# Task to carry out
In the listing below, find the line with "Clockwork Collage Pink Fabric" and the line with "Ralph Lauren taupe". Repeat those two lines and all lines between them exactly.

# Dataset
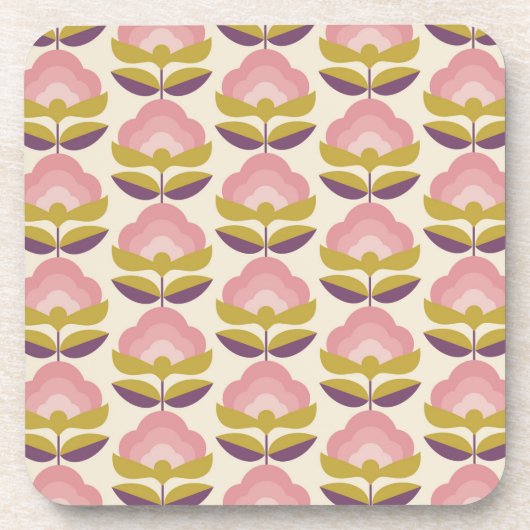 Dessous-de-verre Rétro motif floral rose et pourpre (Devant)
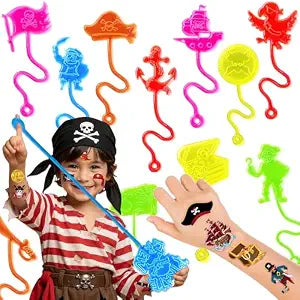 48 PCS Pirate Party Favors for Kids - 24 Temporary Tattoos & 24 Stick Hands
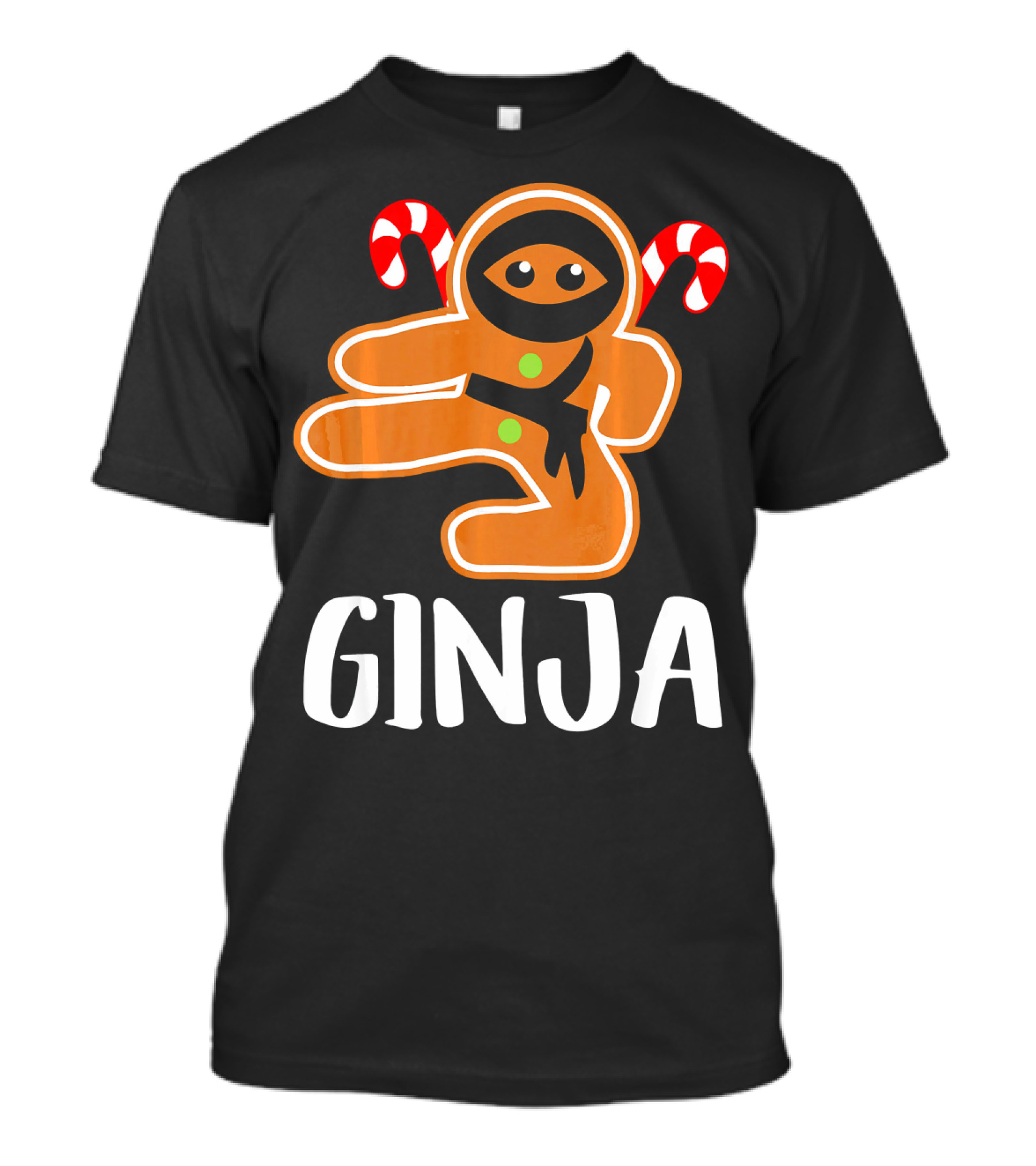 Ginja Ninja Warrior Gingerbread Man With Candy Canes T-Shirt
--
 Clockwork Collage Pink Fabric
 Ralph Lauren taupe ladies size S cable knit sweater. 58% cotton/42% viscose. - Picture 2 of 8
* * *
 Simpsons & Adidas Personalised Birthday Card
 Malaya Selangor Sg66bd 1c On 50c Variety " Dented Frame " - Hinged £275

# Answer to the problem
 Clockwork Collage Pink Fabric
 Ralph Lauren taupe ladies size S cable knit sweater. 58% cotton/42% viscose. - Picture 2 of 8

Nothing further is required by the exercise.